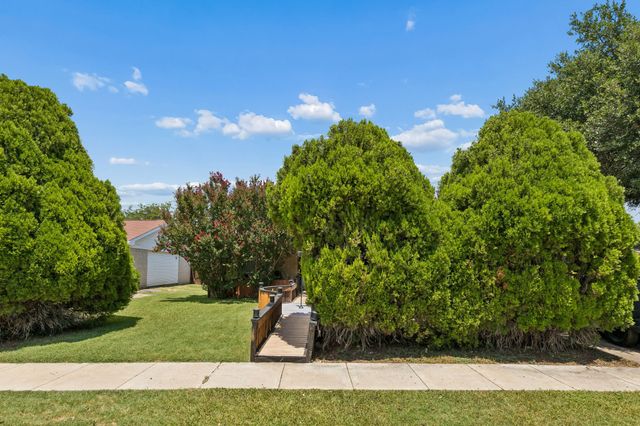 3352 Buckingham Lane, Plano, TX 75074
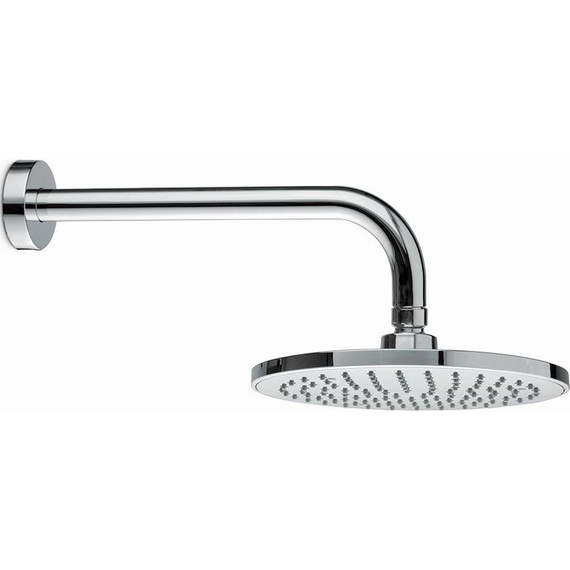 Верхний душ Kerama Marazzi Piano 200x200 мм 69360KM.21.018 - фото 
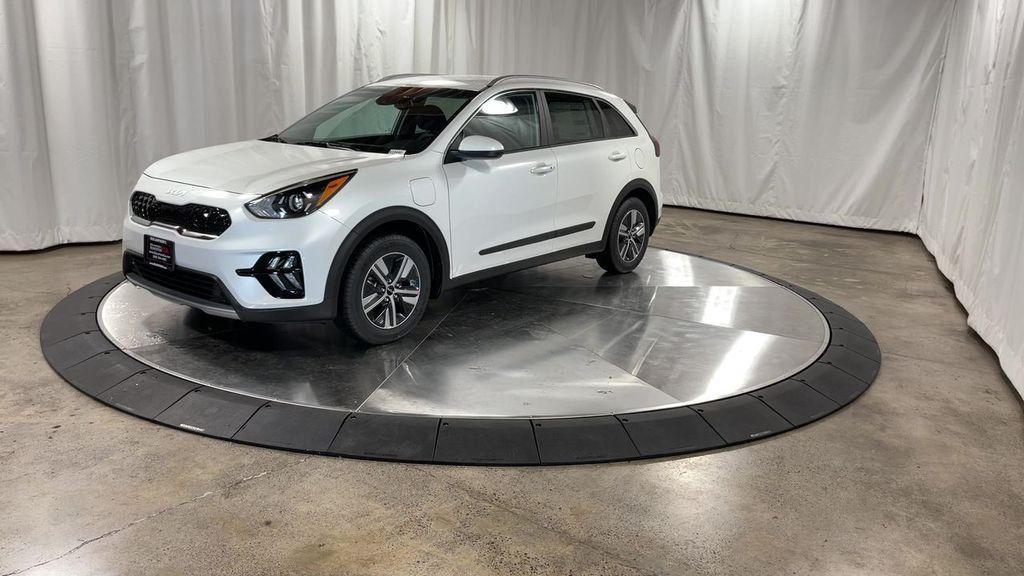 used 2022 Kia Niro Plug-In Hybrid car, priced at $26,238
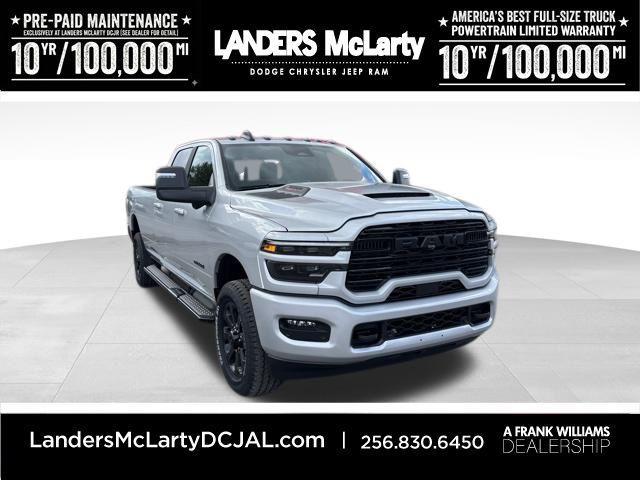new 2026 Ram 2500 car, priced at $68,884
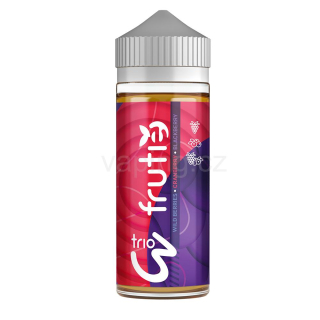 Frutie Trio aroma (směs lesních plodů) 10ml/60ml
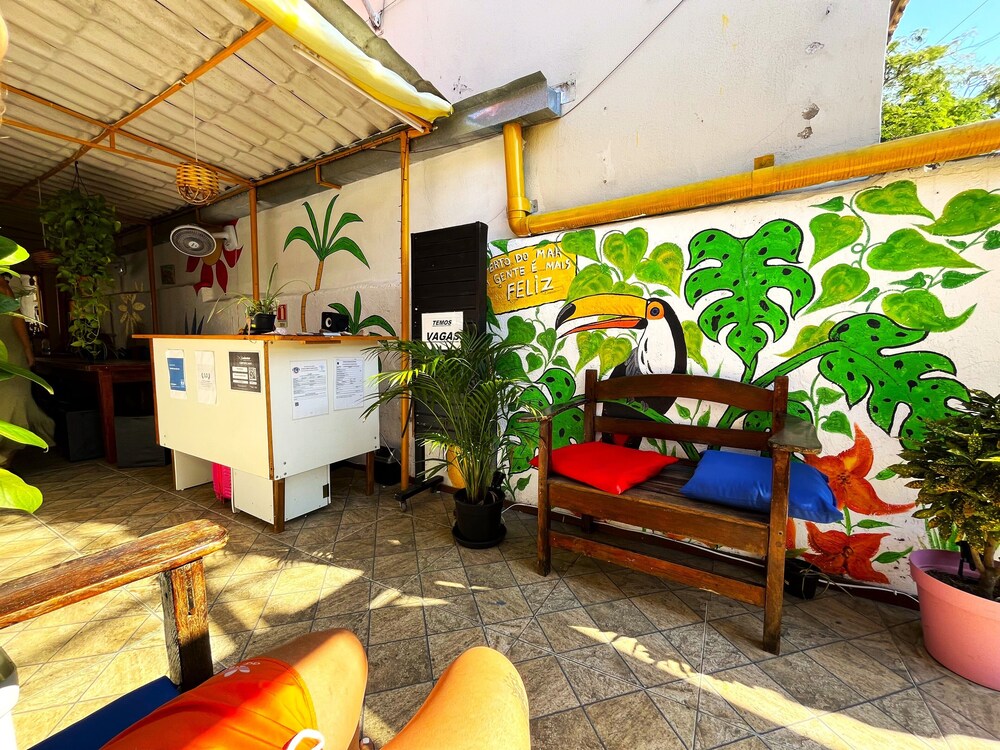 Hostel Casa Da Ana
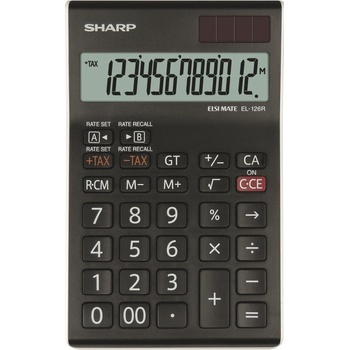 Sharp EL-126R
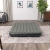 Materac dmuchany, dwuosobowy, 203x152x25 cm, Bestway, zielony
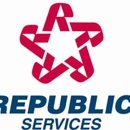 Republic Services Chula Vista Recycling - Garbage Collection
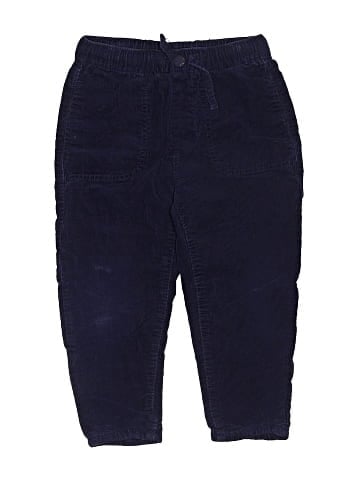 Zara Casual Pants (view 1)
--------------------
## WHAT NEEDS TO BE DONE
Print the entries again exactly as they appear above. Do not print the pictures.

## WRITTEN ANSWER
 3352 Buckingham Lane, Plano, TX 75074
 Верхний душ Kerama Marazzi Piano 200x200 мм 69360KM.21.018 - фото 
 used 2022 Kia Niro Plug-In Hybrid car, priced at $26,238
new 2026 Ram 2500 car, priced at $68,884
 Frutie Trio aroma (směs lesních plodů) 10ml/60ml
 Hostel Casa Da Ana
 Sharp EL-126R
 Materac dmuchany, dwuosobowy, 203x152x25 cm, Bestway, zielony
 Republic Services Chula Vista Recycling - Garbage Collection
 Zara Casual Pants (view 1)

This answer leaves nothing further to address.